【安珍清姫物語】
真砂荘司藤原左衛門之尉清重と清重が黒蛇から助けた「白蛇の化身」の間に誕生した清姫。
清姫が十三才の年、熊野三山へ参拝の途中ここを宿としていた奥州(福島県)白河在萱根の里安兵衛の子安珍十六才、御互いひそかに惹かれ合っていた。
ある夜、安珍は蛇身の清姫の姿を偶然見てしまい、恐れをなした。それとは知らずに清姫は思いつめた末、遂に胸のうちを語った。突然の申し入れに、なんとかして逃れようと思い「自分は今熊野参拝の途中なので、帰りには必ず奥州へ一緒に連れて帰る。」とその場逃れの申しわけをして旅立った。
その真意を知らずに 安珍の帰りを指折り待ちわびる清姫。しかしあまりにも安珍の帰りが遅いので、旅人に尋ねると「その僧なら先程通っていかれた。」と聞いて、さては約束を破って別の道を行ったのだとあまりの悔しさに道に伏して泣き叫んだ。
やがて、気を取り直して汐見峠まで後を追い、杉の大木によじ登り(現在の捻木)はるかに望めば、すでに田辺の会津橋を渡り逃げる安珍を見て怒りに燃え狂い「生きてこの世でそえぬなら死して思いをとげん。

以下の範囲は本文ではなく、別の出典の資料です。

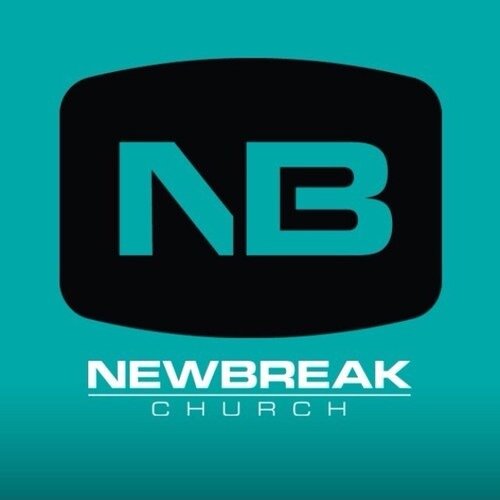 NewbreakMen Profile Picture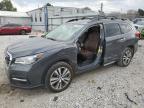 2021 Subaru Ascent Touring продається в Prairie Grove, AR - Side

」と、立ち帰り荘司ヶ渕に身を投げた。
その一念が怨霊となり、道成寺まで蛇身となって後を追い、鐘に隠れた安珍を七巻半して火炎を出し焼死させた。
時、延長六年八月二十三日。
里人達は、この渕を清姫渕と呼び、霊を慰めるため碑を建立し供養を続けている。
鐘を七巻半したというのを一部では、奥州からの熊野参拝の日数が七十五日かかったからだと言う説もある。
清姫という女性は、たいへん情熱的な人だったようである。